Try it
Your answer must be only the lines below from the one containing "(Макс. мощность: 7.0" through the one containing "點(diǎn)擊查看詳細(x", copied exactly, with the pictures left out.

** Opening Entries provided block **

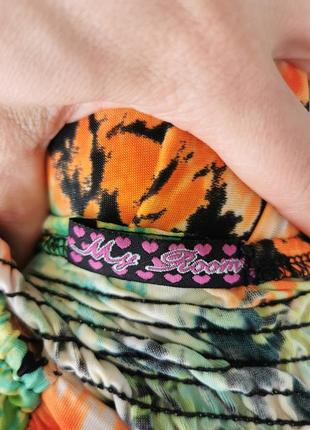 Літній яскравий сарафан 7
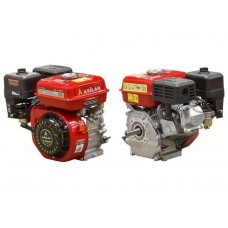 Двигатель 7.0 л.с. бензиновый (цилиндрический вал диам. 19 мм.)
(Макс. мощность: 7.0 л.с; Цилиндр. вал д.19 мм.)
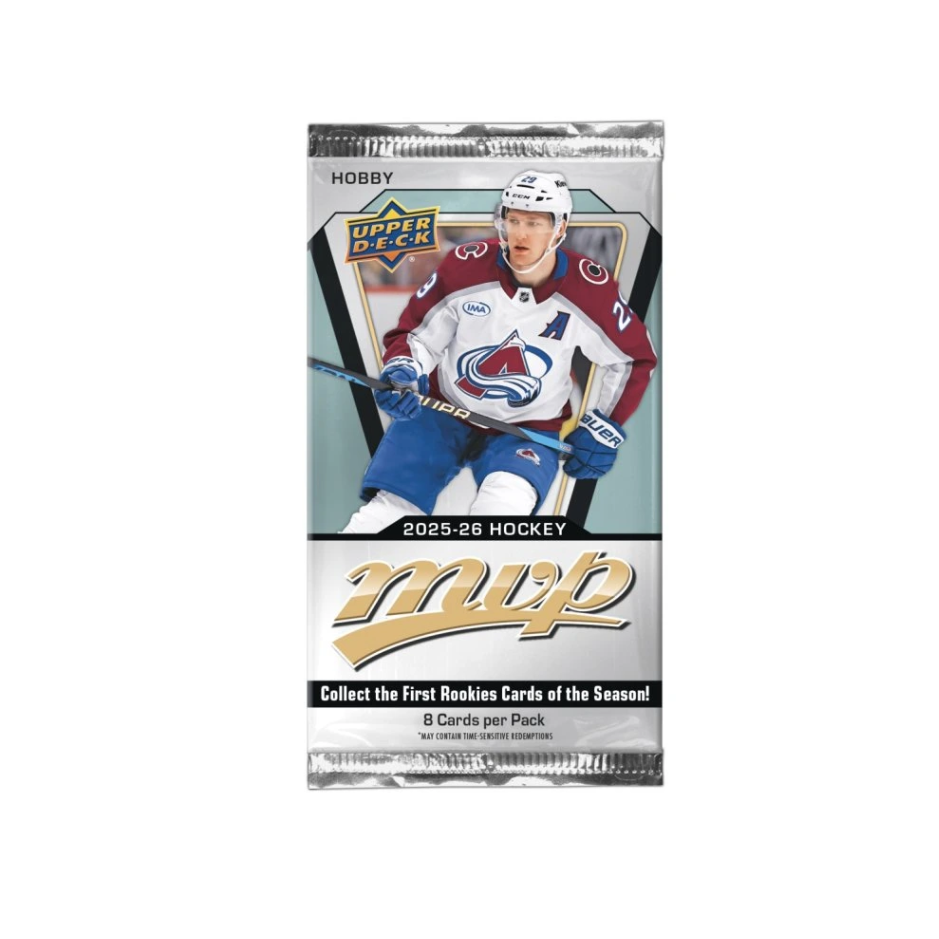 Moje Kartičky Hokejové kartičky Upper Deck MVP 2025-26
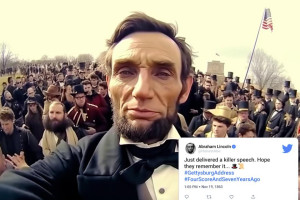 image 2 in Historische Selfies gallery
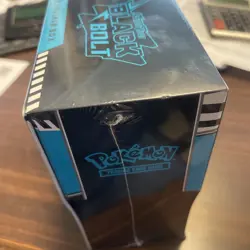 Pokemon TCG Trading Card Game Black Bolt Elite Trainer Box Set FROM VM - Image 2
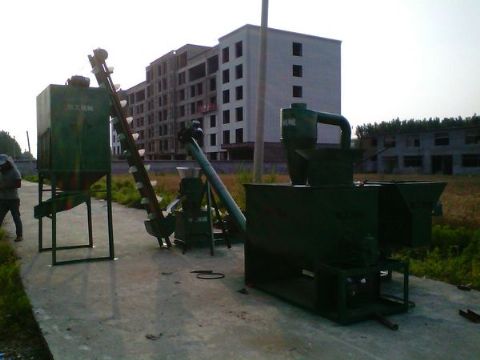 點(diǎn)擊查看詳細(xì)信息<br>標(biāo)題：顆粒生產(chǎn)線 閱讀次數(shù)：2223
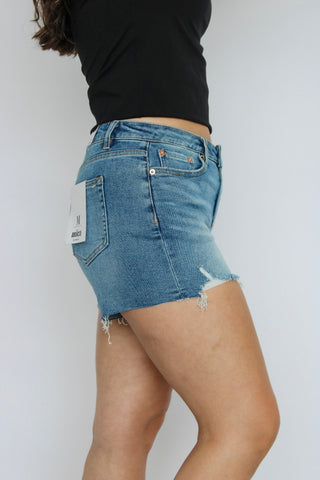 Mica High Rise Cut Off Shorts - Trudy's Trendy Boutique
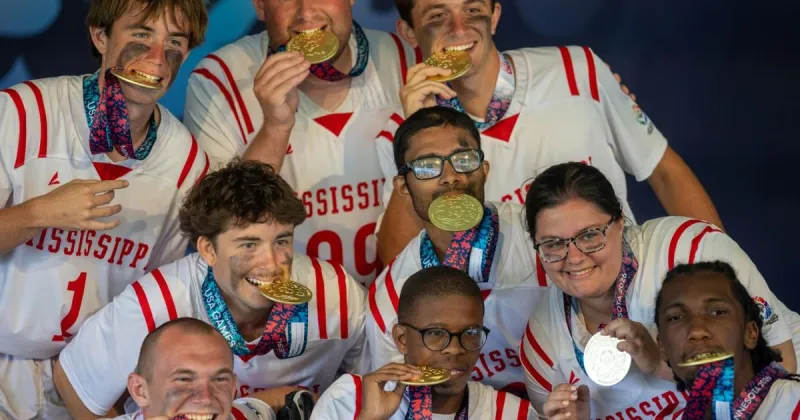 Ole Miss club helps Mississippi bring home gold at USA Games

** Closing Entries provided block **
** Opening Entries provided block **

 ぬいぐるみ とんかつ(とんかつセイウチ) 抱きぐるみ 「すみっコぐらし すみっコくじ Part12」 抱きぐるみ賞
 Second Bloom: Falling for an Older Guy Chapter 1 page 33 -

** Closing Entries provided block **

Response below
(Макс. мощность: 7.0 л.с; Цилиндр. вал д.19 мм.)
 Moje Kartičky Hokejové kartičky Upper Deck MVP 2025-26
 image 2 in Historische Selfies gallery
 Pokemon TCG Trading Card Game Black Bolt Elite Trainer Box Set FROM VM - Image 2
 點(diǎn)擊查看詳細(xì)信息<br>標(biāo)題：顆粒生產(chǎn)線 閱讀次數(shù)：2223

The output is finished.